- [Collected data]
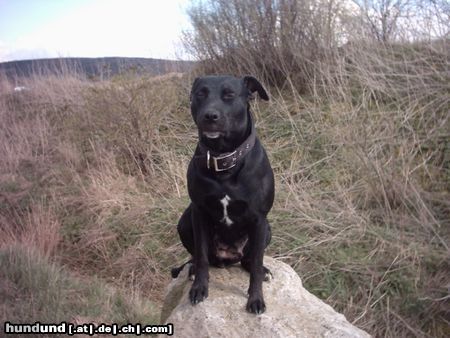 Amerikanischer Pit-Bullterrier Meine Kleene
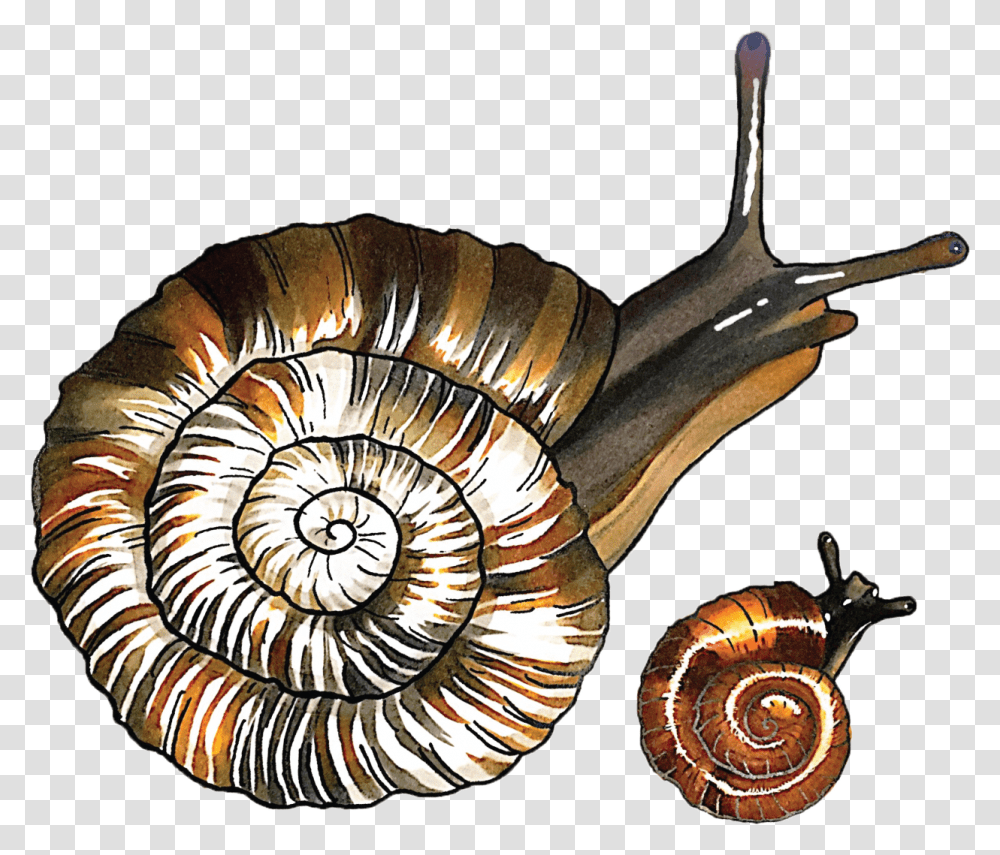 Hawaiian Land Snail Conservation Snail, Animal, Invertebrate, Spiral, Sea Life Transparent Png
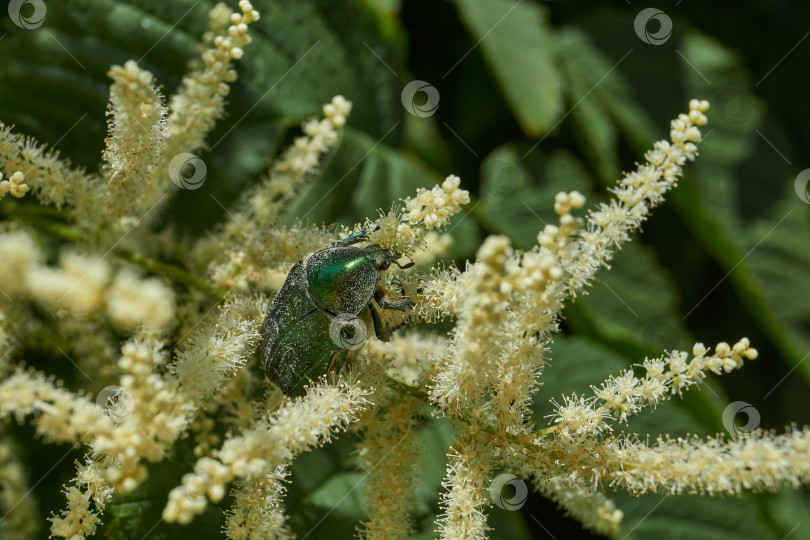 Скачать Золотисто-бронзовый жук (лат. Cetonia aurata). фотосток Ozero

- [Task requirements]
Reprint the whole listing verbatim except for the pictures.

- [Response to this exercise]
 Amerikanischer Pit-Bullterrier Meine Kleene
 Hawaiian Land Snail Conservation Snail, Animal, Invertebrate, Spiral, Sea Life Transparent Png
 Скачать Золотисто-бронзовый жук (лат. Cetonia aurata). фотосток Ozero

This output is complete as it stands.